STUDY MATERIAL:
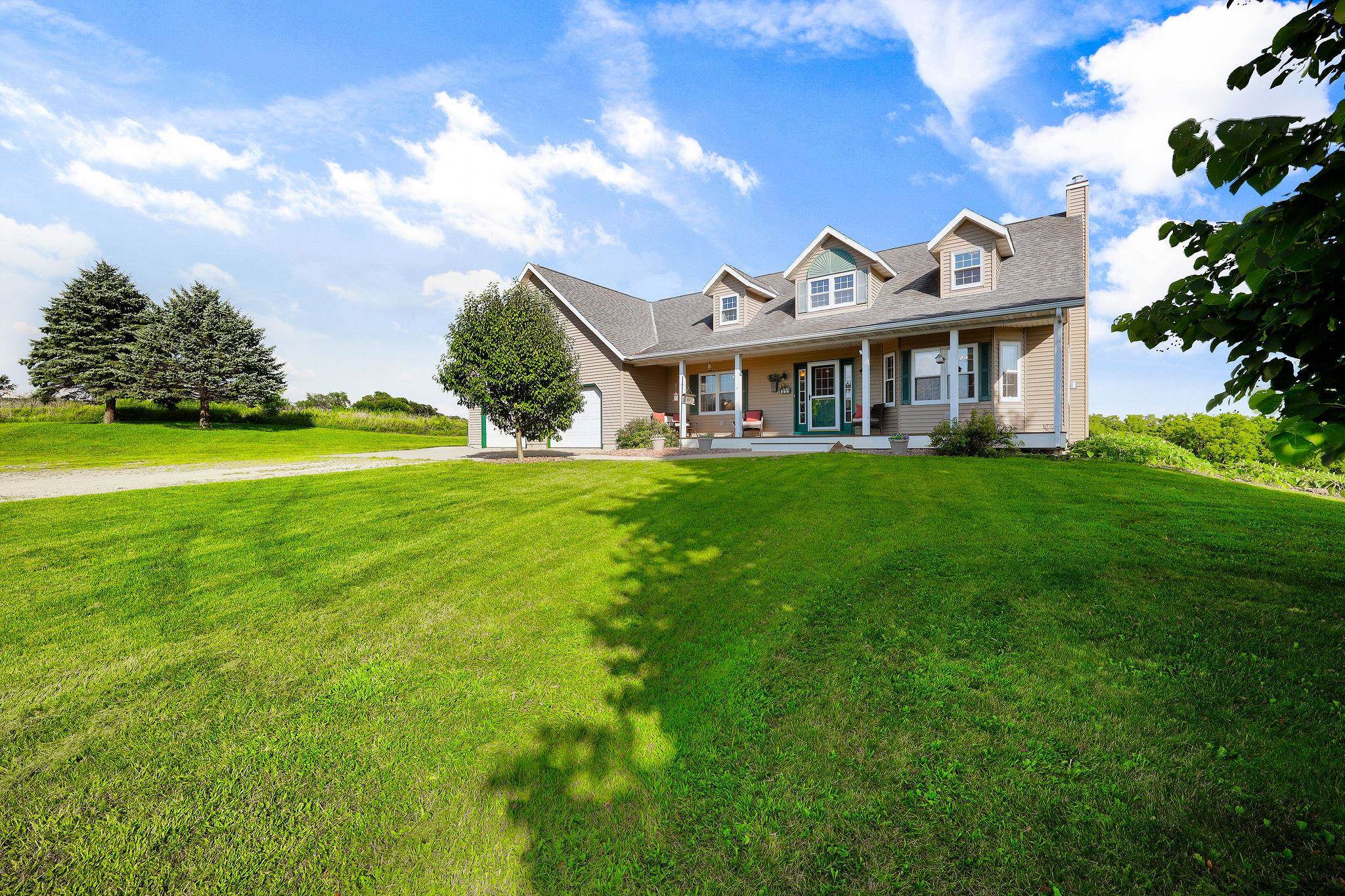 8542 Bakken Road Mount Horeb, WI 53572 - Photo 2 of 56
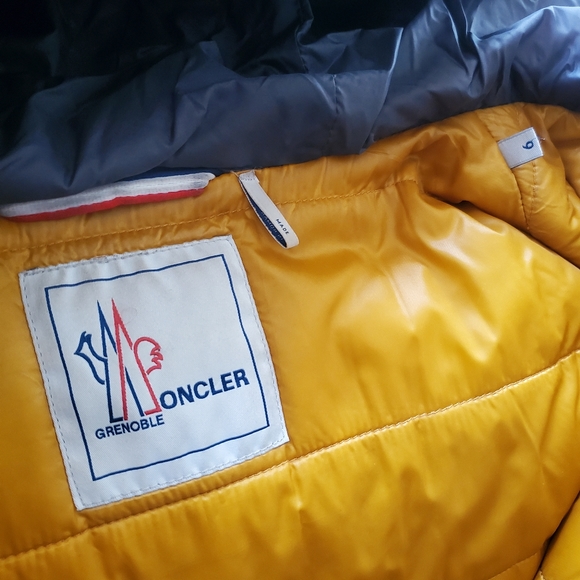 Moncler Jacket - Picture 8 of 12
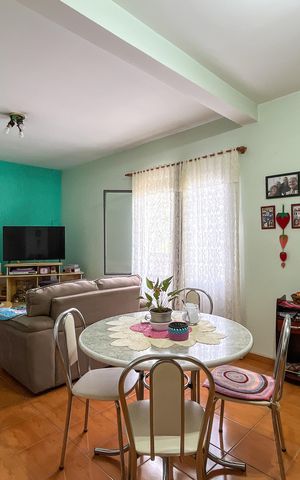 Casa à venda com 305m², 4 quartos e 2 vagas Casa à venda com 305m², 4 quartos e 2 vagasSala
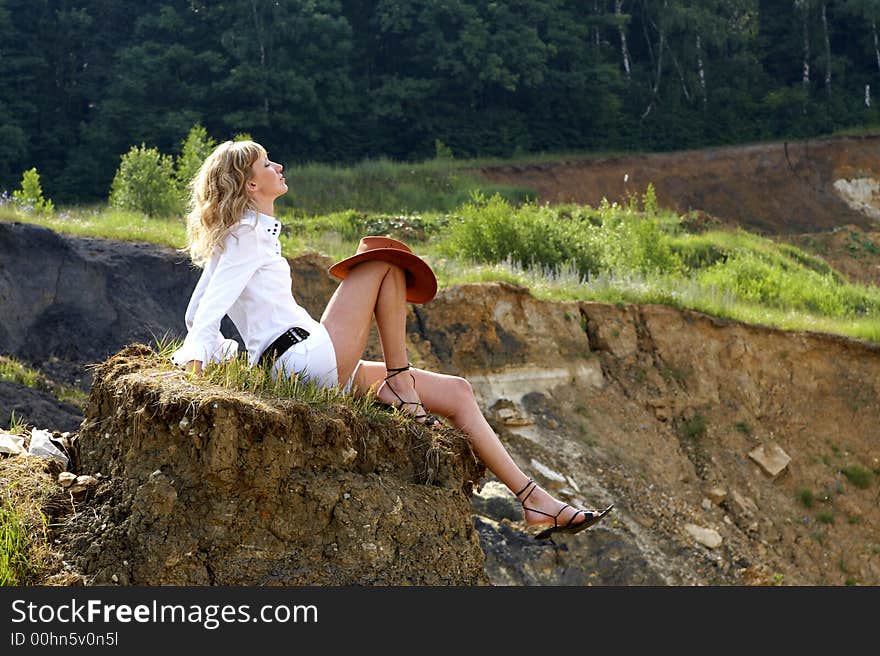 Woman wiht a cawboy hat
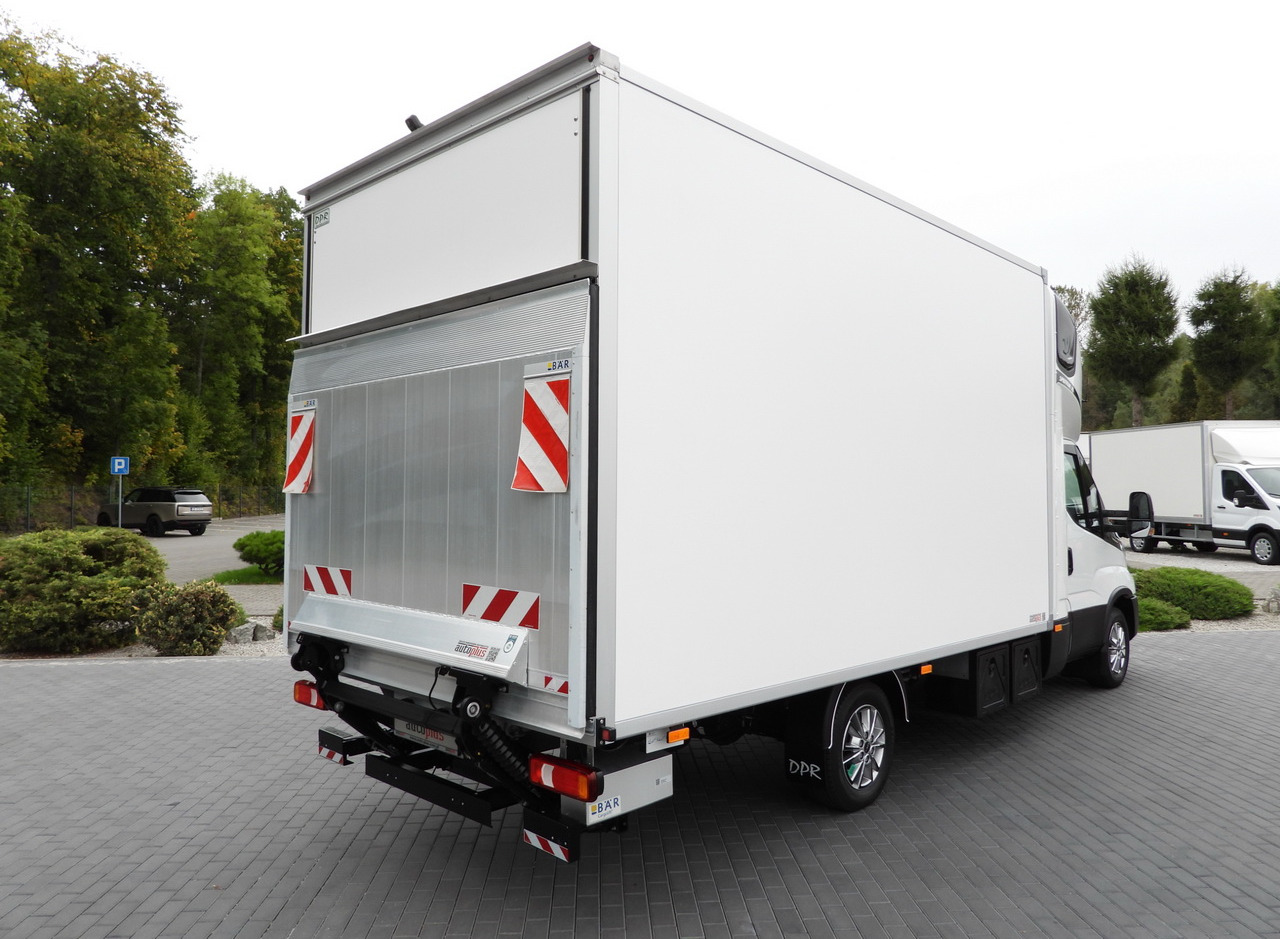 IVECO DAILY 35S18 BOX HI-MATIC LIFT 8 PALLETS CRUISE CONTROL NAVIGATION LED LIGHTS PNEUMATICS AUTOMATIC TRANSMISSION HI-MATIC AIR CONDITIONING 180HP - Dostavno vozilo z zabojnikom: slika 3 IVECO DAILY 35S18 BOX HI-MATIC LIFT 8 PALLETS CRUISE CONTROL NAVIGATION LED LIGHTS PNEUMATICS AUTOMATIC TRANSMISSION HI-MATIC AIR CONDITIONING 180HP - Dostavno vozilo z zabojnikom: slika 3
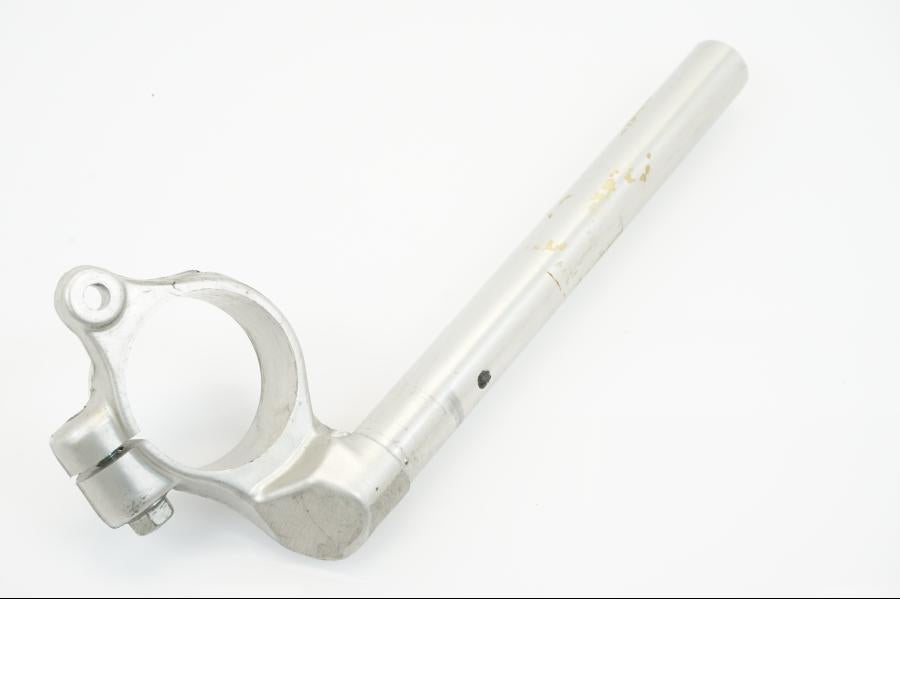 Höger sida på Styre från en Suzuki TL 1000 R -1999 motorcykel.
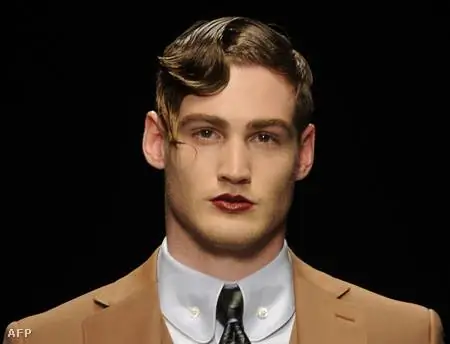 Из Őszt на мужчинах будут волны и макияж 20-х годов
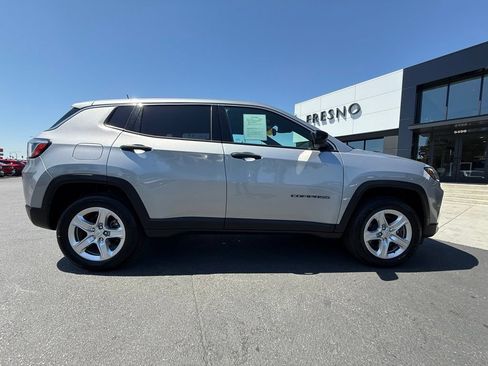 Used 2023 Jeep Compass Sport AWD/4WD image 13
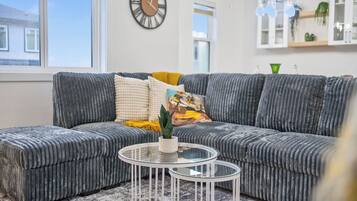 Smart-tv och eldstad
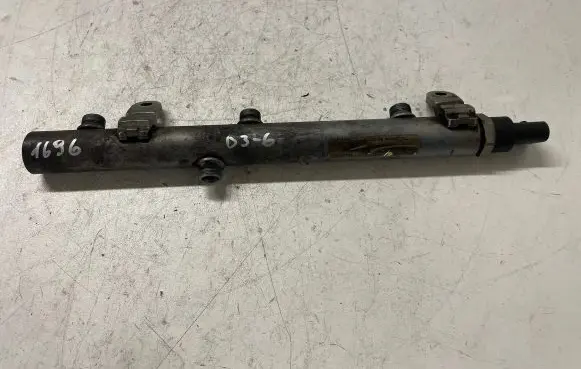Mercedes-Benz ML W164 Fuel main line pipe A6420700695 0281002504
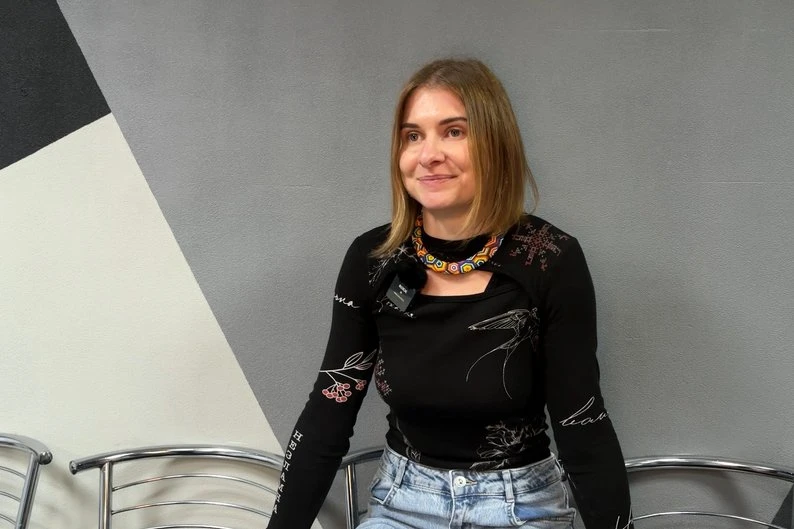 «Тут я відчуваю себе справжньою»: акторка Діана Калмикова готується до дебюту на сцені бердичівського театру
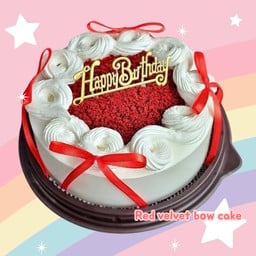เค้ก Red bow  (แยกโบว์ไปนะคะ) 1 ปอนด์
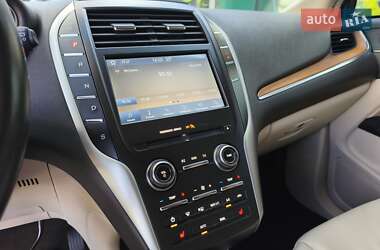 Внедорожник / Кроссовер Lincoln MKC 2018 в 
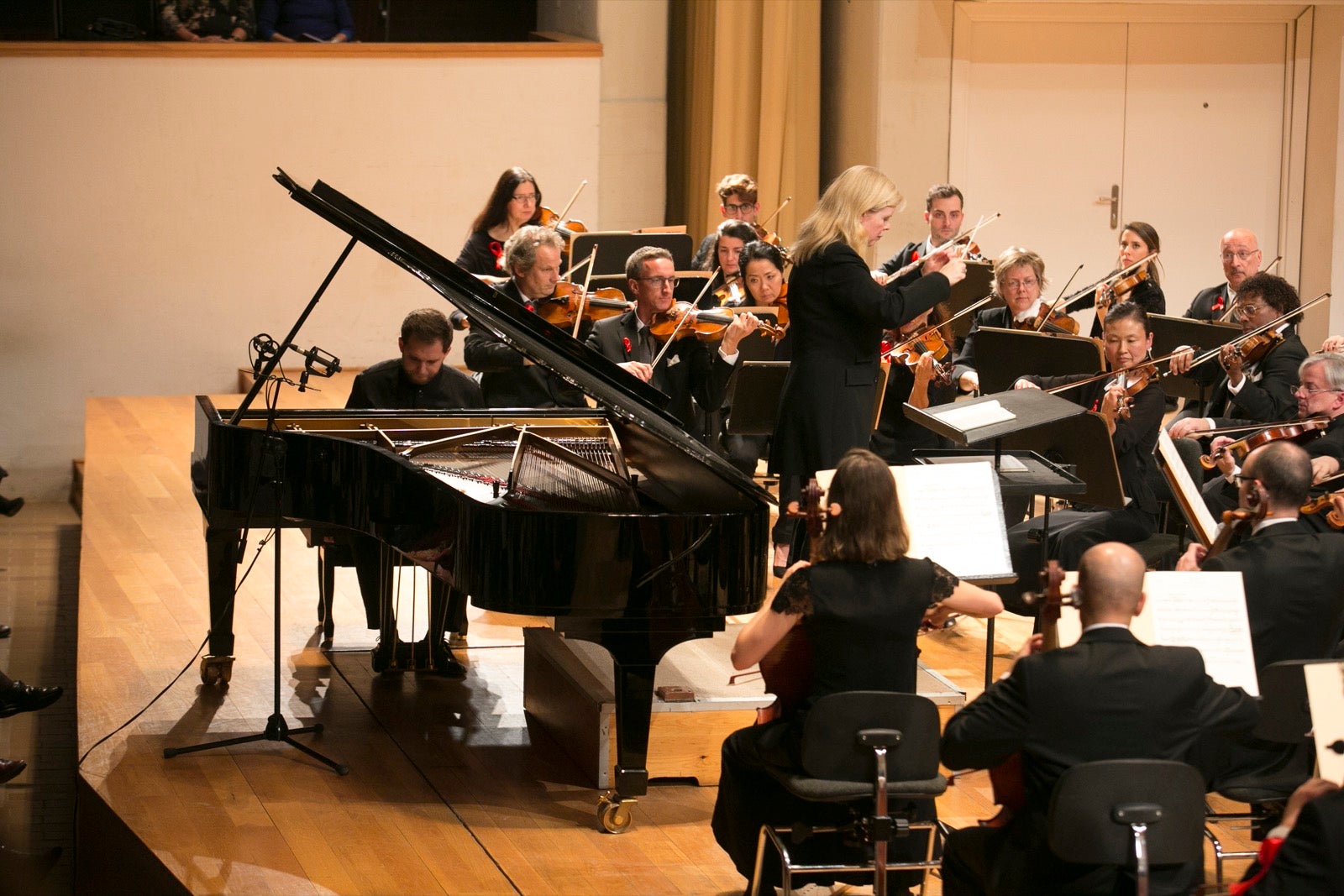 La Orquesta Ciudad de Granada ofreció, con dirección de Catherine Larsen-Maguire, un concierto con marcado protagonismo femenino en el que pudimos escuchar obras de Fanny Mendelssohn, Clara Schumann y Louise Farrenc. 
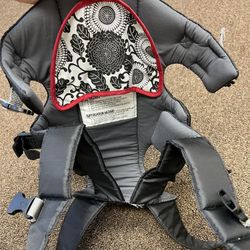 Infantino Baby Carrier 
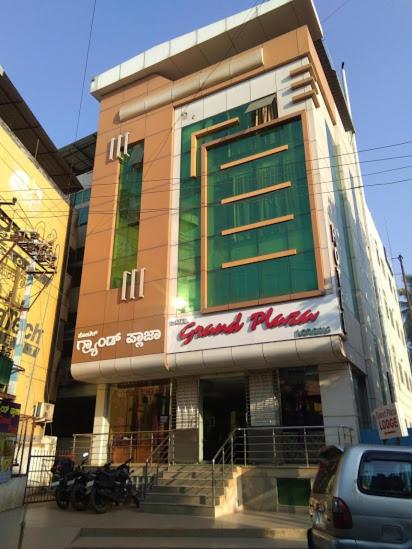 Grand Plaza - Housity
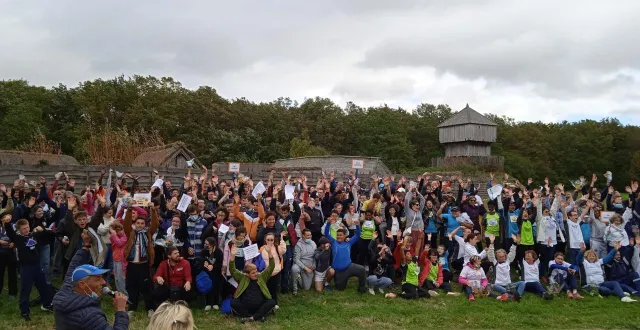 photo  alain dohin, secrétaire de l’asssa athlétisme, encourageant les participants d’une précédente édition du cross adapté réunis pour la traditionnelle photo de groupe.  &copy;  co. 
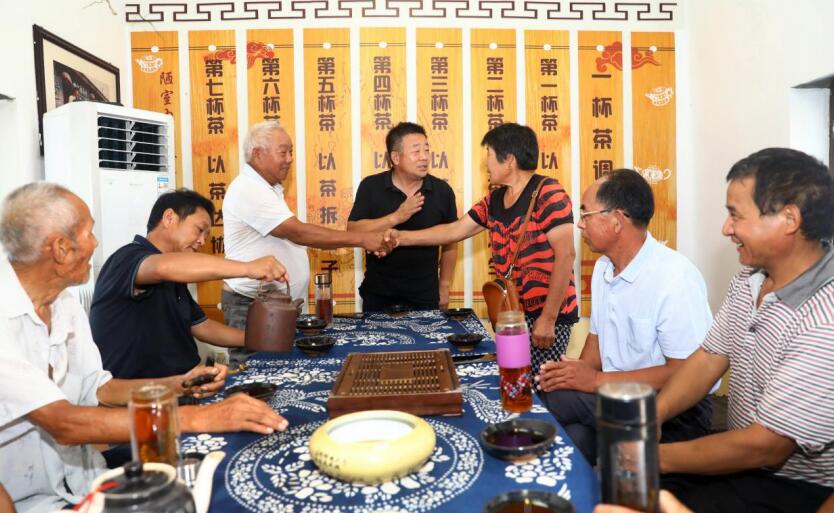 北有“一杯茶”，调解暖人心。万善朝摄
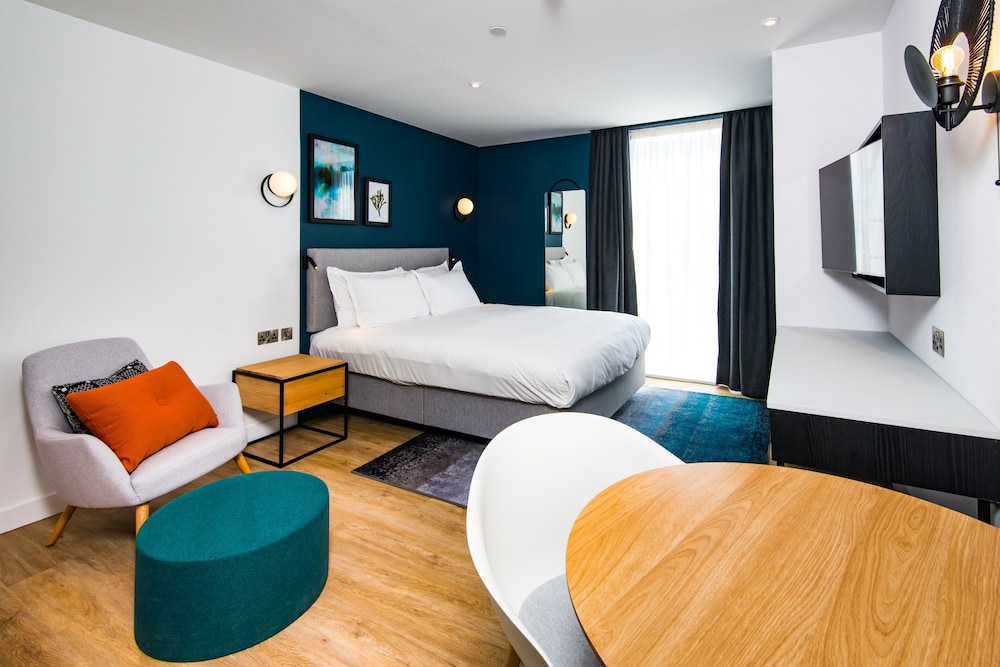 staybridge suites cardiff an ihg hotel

TASK DESCRIPTION:
Repeat the material above exactly; pictures do not belong in the copy.

WRITTEN REPLY:
 8542 Bakken Road Mount Horeb, WI 53572 - Photo 2 of 56
 Moncler Jacket - Picture 8 of 12
 Casa à venda com 305m², 4 quartos e 2 vagas Casa à venda com 305m², 4 quartos e 2 vagasSala
 Woman wiht a cawboy hat
 IVECO DAILY 35S18 BOX HI-MATIC LIFT 8 PALLETS CRUISE CONTROL NAVIGATION LED LIGHTS PNEUMATICS AUTOMATIC TRANSMISSION HI-MATIC AIR CONDITIONING 180HP - Dostavno vozilo z zabojnikom: slika 3 IVECO DAILY 35S18 BOX HI-MATIC LIFT 8 PALLETS CRUISE CONTROL NAVIGATION LED LIGHTS PNEUMATICS AUTOMATIC TRANSMISSION HI-MATIC AIR CONDITIONING 180HP - Dostavno vozilo z zabojnikom: slika 3
 Höger sida på Styre från en Suzuki TL 1000 R -1999 motorcykel.
 Из Őszt на мужчинах будут волны и макияж 20-х годов
 Used 2023 Jeep Compass Sport AWD/4WD image 13
 Smart-tv och eldstad
Mercedes-Benz ML W164 Fuel main line pipe A6420700695 0281002504
 «Тут я відчуваю себе справжньою»: акторка Діана Калмикова готується до дебюту на сцені бердичівського театру
เค้ก Red bow  (แยกโบว์ไปนะคะ) 1 ปอนด์
 Внедорожник / Кроссовер Lincoln MKC 2018 в 
 La Orquesta Ciudad de Granada ofreció, con dirección de Catherine Larsen-Maguire, un concierto con marcado protagonismo femenino en el que pudimos escuchar obras de Fanny Mendelssohn, Clara Schumann y Louise Farrenc. 
 Infantino Baby Carrier 
 Grand Plaza - Housity
 photo  alain dohin, secrétaire de l’asssa athlétisme, encourageant les participants d’une précédente édition du cross adapté réunis pour la traditionnelle photo de groupe.  &copy;  co. 
 北有“一杯茶”，调解暖人心。万善朝摄
 staybridge suites cardiff an ihg hotel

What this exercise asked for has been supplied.